Trust the Brand

The brand is the key to successful customer habituation. For customers to automate a purchase or use decision, they must trust the brand. A lack of trust will keep a decision under the control of the executive mind. People might vary widely in their initial willingness to trust, but when a trust is violated, the vast majority will never fully trust the violator again. Conversely, when trust is established, a customer will want to maintain the relationship, resisting overtures by competing brands. Loyalty comes from trust.

A report from the Radiological Society of North America reveals that well-known brands activate positive emotional responses in our brains. These strong activations occur regardless of product category—our brains are conditioned by the brand, not the product. The areas affected are associated with self-identification and rewards.

Customers are not loyal to a brand as they are loyal to a friend or a spouse. Customers do not feel that they are betraying a company by buying a competing brand or shopping at a competitor’s store unless they actually have a friendship with specific people at a company. Customers are loyal to trusted brands because these products simplify their choices. Buying a competing brand means having to engage the executive mind.

To build trust, a company must understand what its brand promises. The brand promise is the deal, the contract between a customer and a company—but it’s an unwritten contract. By consistently delivering on its brand promise, a company can facilitate the transference of a decision from the executive mind to the habitual mind. Brands that lack a clear promise do not create differentiation and fail to gain a stronghold as part of customers’ habitual repertoire.

This shows why the role of the brand in habitual behavior cannot be overstated. The brand is the lynchpin in a customer’s ability to automate a decision. Companies would do well to continuously market their brand identity internally as well as externally. It is not enough for the brand manager to understand a brand’s vision and strategy because decisions made by other managers, marketers, and executives can influence the perception of the brand.

Decisions that impact the brand can come from anywhere, including finance and legal departments. Blockbuster lost $57 million the first quarter after canceling its hated late fees, but the policy was a political nightmare for the company and customers were flocking to Netflix, which doesn’t charge late fees. Wireless carriers are addicted to punitive fees charged to customers who go over their monthly minutes or leave before contract expirations. I have participated in countless discussions with wireless executives defending these policies. From a finance perspective, these decisions seem easy—they generate billions in profits. But the cost is measured in defection rates that cost these same companies billions. Fred Reicheld, a Bain Fellow and founder of Bain’s Loyalty practice, refers to the tactics as creating bad profits.

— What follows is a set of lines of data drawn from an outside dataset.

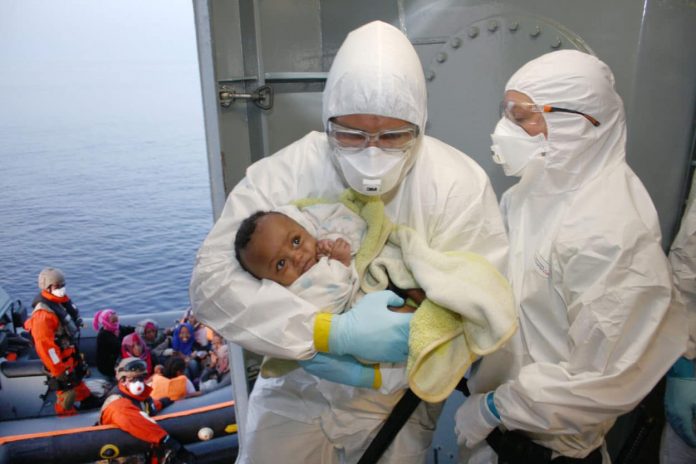 Marinesoldaten der Bundeswehr versorgen ein Baby, das von einem Fl+chtlingsboot gerettet wurde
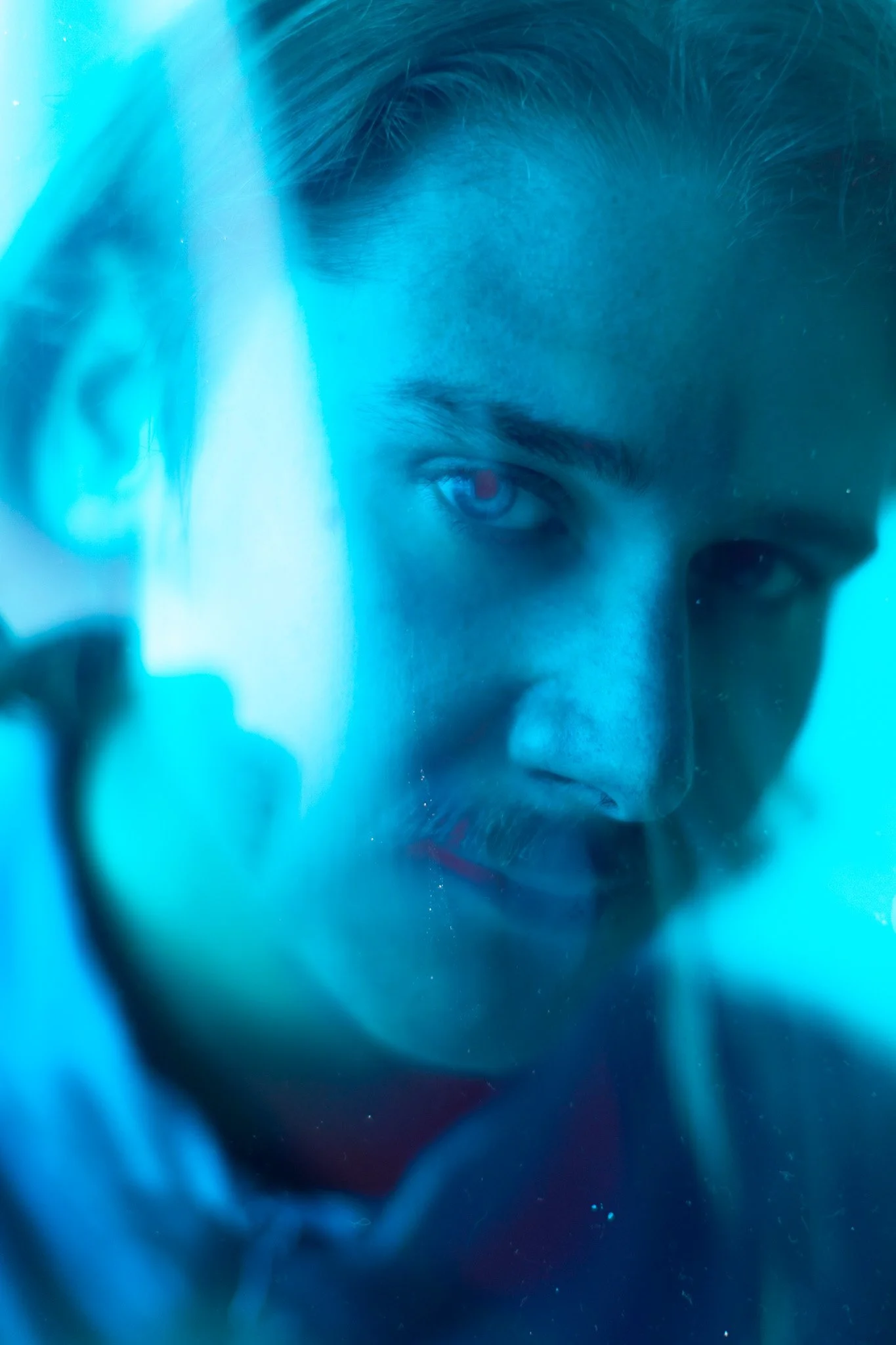 Gros plan d'un homme avec des cheveux foncés, regardant intensément, avec un éclairage bleu qui crée une ambiance mystérieuse.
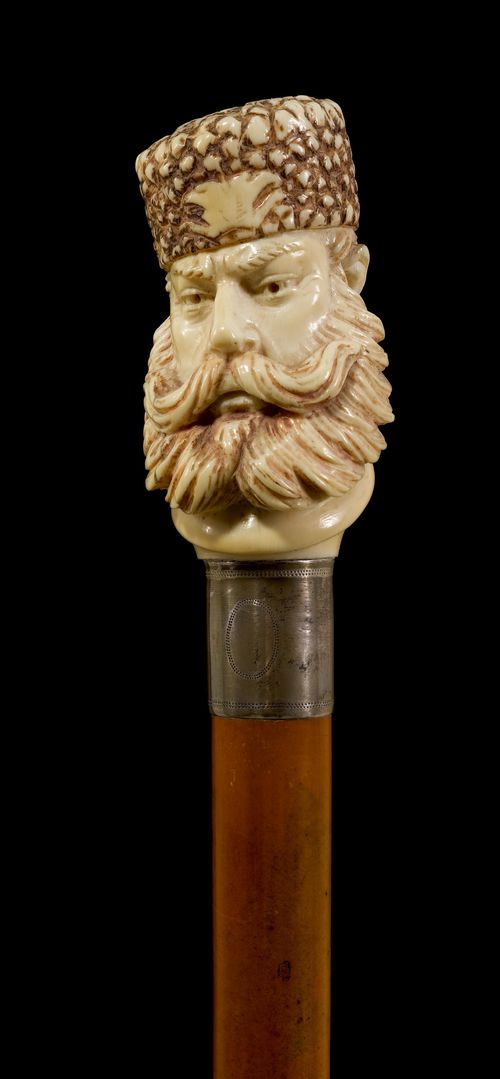 A WALKING STICK WITH IVORY HANDLE,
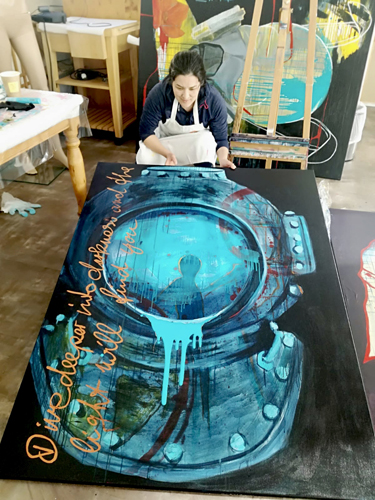 Artist Tatjana Lee in her studio at work on "Deepsea Diver"
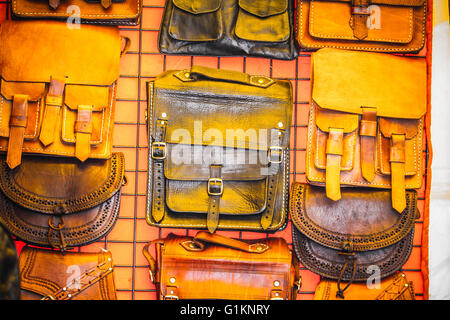 Leather craft stalls in a medieval fair Stock Photo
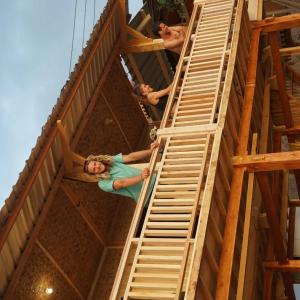 a group of people on a wooden platform in a building at Boneputeh Homestay in Taliwang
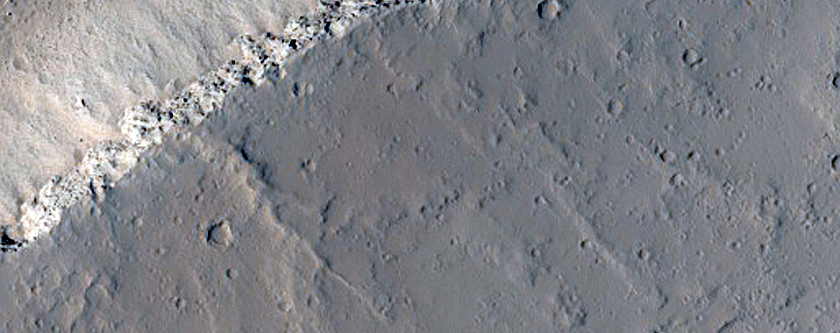 Small Shield in Tharsis Region Embayed by Younger Lavas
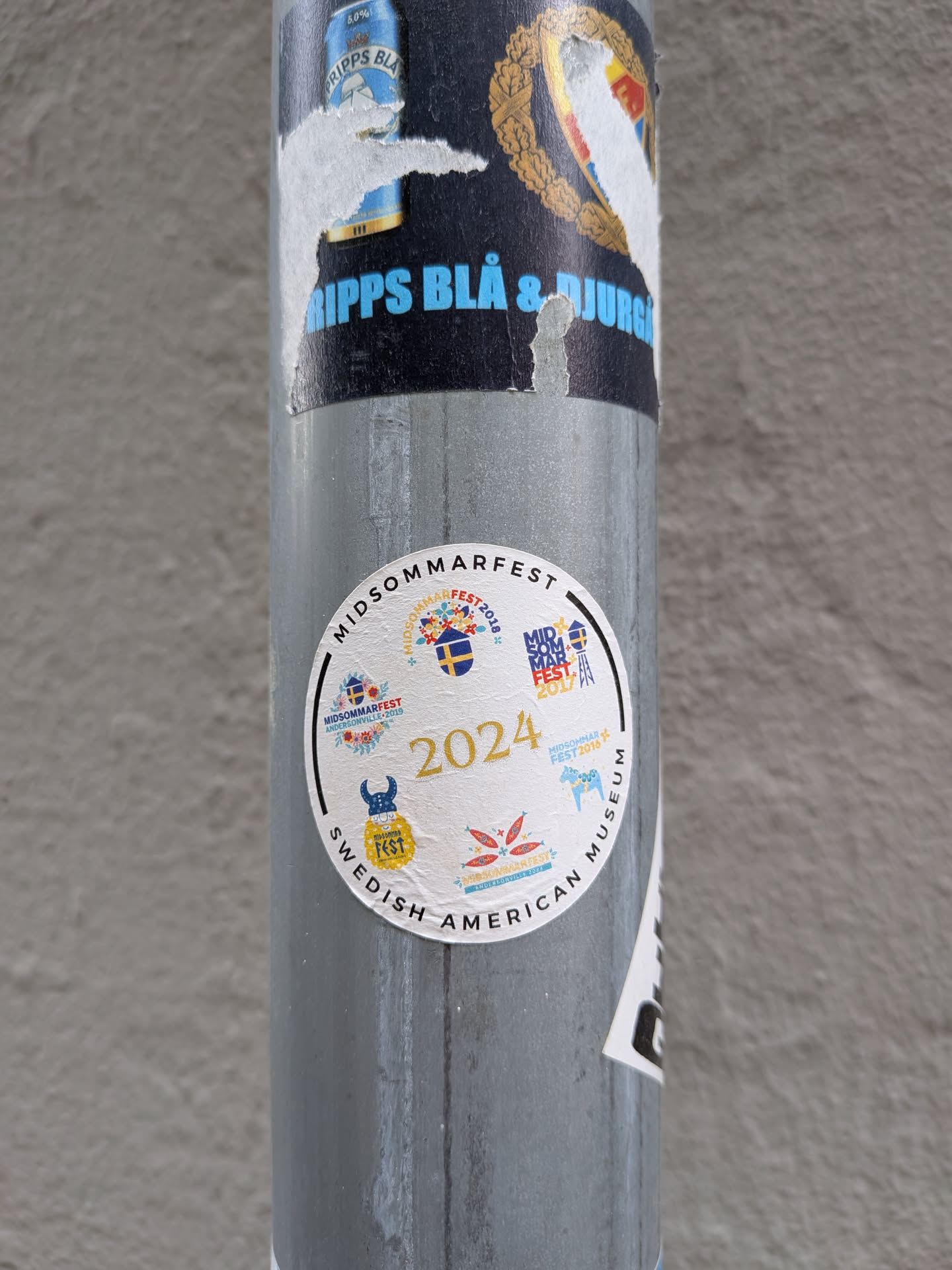 A round white sticker with 'MIDSOMMARFEST' and 'SWEDISH AMERICAN MUSEUM' printed along the border. The center features '2024' in gold, surrounded by smaller logos from past festivals depicting Swedish cultural symbols like a Dala horse, a Viking helmet, and floral motifs.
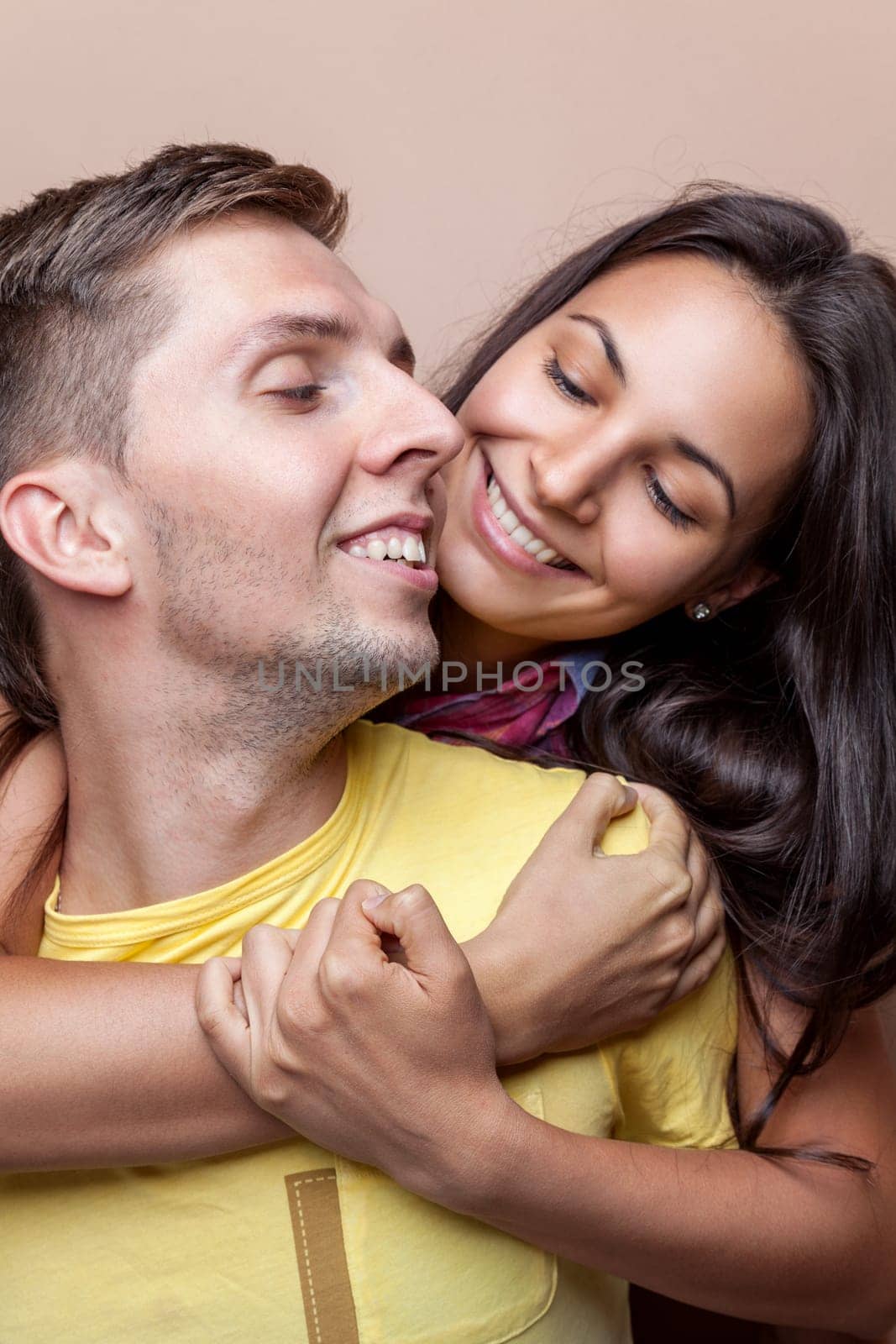 Young happy couple in love smiling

In relationship businesses, violating a trust is taken personally. When my stockbroker recommended an investment product that I knew would pay him a large commission but was in disfavor with financial planners, it was only a matter of time before I left him. The experience left me feeling angry and betrayed. If I couldn’t trust him, I would have to evaluate every decision and recommendation he made, so why pay him in the first place?

Brands can also suffer when changes are made to products, services, pricing, or distribution channels. Cost-saving decisions that make sense on a spreadsheet can prove disastrous if they violate the customer’s perception of the brand promise. Many companies who have moved customer service offshore have experienced pronounced declines in their ability to deliver acceptable levels of customer service. Similarly, substituting inexpensive components and reducing service levels can break the brand promise.

The brand comes to represent the sum total of a customer’s experience with a product or a company. Sometimes one violation of the brand promise is all it takes, as Nielsen’s Srivatsa points out with baby products that cause a rash. However, habits are persistent, developing their own inertia. When companies reduce the quality of a product or service, we don’t typically see a mass defection. A large majority of customers continue to buy the product pretty much the same way they always have. Losses are usually less than 5% above normal attrition. Anything greater would be a clear indicator that the change was an error, forcing the company to backtrack and fix it.

Our customers’ habitual behavior can mask our mistakes, giving the incorrect impression that cost-cutting decisions that impacted quality were justified. But whether you are a beer maker that found a way to shorten the brewing process or a retail outlet that started charging a restocking fee for returns, you might end up breaking your brand’s promise and cause long-term declines in growth and profitability.